:: Supplied entries ::

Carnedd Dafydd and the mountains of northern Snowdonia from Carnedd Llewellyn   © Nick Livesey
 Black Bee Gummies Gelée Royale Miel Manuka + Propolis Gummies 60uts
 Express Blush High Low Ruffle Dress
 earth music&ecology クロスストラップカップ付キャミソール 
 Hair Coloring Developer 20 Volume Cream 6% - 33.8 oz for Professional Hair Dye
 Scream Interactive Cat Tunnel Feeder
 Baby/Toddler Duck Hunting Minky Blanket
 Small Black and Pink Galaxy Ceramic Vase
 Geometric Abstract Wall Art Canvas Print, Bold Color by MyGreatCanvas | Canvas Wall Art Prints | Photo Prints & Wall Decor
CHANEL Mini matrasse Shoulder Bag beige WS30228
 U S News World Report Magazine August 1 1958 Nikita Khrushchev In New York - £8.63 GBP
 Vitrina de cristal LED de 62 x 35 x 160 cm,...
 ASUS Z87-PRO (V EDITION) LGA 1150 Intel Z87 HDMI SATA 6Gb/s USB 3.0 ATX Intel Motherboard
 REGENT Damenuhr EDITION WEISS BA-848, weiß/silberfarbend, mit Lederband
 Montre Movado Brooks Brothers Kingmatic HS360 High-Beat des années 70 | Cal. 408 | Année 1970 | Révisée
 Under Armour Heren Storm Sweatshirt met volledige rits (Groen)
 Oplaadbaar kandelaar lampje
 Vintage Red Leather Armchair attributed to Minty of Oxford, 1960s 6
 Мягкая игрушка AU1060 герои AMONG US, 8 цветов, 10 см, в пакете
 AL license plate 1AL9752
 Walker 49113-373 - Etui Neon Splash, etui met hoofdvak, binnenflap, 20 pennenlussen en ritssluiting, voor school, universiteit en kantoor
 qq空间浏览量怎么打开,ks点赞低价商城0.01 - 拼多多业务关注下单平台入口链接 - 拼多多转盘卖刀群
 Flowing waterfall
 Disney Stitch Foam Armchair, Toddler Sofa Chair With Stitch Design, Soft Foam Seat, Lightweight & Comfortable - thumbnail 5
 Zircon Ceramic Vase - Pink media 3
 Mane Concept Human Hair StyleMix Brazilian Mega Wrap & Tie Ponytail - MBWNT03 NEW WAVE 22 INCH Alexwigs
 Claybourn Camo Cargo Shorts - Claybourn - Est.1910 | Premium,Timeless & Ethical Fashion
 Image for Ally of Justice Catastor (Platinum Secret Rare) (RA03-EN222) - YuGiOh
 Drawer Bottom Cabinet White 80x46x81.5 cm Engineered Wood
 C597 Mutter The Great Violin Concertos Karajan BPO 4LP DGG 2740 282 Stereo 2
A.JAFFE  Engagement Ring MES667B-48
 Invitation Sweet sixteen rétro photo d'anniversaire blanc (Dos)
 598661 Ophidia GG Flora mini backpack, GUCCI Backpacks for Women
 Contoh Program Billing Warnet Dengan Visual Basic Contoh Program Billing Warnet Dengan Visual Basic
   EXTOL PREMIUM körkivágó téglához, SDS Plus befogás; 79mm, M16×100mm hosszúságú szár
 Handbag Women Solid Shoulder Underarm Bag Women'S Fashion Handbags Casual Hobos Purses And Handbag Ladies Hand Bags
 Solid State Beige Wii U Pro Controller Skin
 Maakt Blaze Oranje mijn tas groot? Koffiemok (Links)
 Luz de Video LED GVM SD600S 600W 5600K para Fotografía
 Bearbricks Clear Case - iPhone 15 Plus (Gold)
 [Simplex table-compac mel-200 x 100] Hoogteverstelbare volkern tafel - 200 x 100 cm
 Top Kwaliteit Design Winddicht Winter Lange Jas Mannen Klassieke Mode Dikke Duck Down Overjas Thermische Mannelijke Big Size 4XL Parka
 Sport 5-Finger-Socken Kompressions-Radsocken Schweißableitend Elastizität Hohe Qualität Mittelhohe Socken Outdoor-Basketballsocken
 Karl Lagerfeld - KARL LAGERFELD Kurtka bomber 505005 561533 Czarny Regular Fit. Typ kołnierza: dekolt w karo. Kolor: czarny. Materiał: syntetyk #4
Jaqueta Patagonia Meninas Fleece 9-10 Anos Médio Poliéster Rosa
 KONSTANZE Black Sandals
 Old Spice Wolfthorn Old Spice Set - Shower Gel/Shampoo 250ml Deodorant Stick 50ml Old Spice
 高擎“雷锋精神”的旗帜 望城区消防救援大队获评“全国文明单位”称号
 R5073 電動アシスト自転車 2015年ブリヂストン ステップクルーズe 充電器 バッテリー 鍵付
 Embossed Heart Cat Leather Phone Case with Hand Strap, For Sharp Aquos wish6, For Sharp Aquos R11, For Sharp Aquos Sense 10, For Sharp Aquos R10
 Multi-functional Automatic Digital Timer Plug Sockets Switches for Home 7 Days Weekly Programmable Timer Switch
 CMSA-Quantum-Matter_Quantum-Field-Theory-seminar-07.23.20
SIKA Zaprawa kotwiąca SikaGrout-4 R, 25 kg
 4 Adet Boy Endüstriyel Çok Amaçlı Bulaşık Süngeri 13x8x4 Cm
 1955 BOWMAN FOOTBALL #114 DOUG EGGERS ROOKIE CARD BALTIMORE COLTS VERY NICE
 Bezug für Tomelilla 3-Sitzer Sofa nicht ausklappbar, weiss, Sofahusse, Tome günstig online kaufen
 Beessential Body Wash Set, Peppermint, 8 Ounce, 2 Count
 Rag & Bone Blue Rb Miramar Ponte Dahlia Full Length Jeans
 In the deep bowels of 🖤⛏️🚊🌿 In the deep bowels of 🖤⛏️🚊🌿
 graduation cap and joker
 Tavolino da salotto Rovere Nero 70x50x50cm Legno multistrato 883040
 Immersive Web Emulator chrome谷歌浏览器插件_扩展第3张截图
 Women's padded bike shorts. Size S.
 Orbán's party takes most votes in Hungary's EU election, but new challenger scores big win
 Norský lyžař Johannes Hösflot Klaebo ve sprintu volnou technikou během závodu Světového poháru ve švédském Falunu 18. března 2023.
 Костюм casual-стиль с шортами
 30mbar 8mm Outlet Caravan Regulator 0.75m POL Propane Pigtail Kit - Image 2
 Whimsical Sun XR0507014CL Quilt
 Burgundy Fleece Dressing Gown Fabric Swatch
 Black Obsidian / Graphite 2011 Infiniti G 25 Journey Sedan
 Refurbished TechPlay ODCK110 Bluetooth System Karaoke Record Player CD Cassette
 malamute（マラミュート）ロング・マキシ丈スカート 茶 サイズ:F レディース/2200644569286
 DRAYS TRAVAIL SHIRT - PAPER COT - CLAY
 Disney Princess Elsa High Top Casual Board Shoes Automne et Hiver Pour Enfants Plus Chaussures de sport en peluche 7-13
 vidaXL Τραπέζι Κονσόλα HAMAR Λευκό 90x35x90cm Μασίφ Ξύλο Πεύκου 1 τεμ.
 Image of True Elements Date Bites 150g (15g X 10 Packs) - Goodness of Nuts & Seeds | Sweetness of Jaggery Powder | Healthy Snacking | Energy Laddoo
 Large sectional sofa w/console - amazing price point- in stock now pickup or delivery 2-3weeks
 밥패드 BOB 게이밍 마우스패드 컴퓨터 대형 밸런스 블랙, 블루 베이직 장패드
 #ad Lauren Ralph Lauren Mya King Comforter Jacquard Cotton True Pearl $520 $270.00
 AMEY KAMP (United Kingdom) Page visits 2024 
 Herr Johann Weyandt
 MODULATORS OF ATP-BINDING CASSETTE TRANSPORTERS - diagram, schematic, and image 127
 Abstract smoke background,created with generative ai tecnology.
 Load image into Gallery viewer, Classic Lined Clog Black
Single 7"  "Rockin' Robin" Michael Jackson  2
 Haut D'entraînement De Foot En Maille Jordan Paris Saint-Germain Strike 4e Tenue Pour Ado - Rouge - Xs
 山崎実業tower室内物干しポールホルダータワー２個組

:::

Exercise directions
Every line above from the line with "KONSTANZE Black Sandals" to the line with "Rag & Bone Blue", both included, must be reproduced exactly, and no other line may appear.

Response area
 KONSTANZE Black Sandals
 Old Spice Wolfthorn Old Spice Set - Shower Gel/Shampoo 250ml Deodorant Stick 50ml Old Spice
 高擎“雷锋精神”的旗帜 望城区消防救援大队获评“全国文明单位”称号
 R5073 電動アシスト自転車 2015年ブリヂストン ステップクルーズe 充電器 バッテリー 鍵付
 Embossed Heart Cat Leather Phone Case with Hand Strap, For Sharp Aquos wish6, For Sharp Aquos R11, For Sharp Aquos Sense 10, For Sharp Aquos R10
 Multi-functional Automatic Digital Timer Plug Sockets Switches for Home 7 Days Weekly Programmable Timer Switch
 CMSA-Quantum-Matter_Quantum-Field-Theory-seminar-07.23.20
SIKA Zaprawa kotwiąca SikaGrout-4 R, 25 kg
 4 Adet Boy Endüstriyel Çok Amaçlı Bulaşık Süngeri 13x8x4 Cm
 1955 BOWMAN FOOTBALL #114 DOUG EGGERS ROOKIE CARD BALTIMORE COLTS VERY NICE
 Bezug für Tomelilla 3-Sitzer Sofa nicht ausklappbar, weiss, Sofahusse, Tome günstig online kaufen
 Beessential Body Wash Set, Peppermint, 8 Ounce, 2 Count
 Rag & Bone Blue Rb Miramar Ponte Dahlia Full Length Jeans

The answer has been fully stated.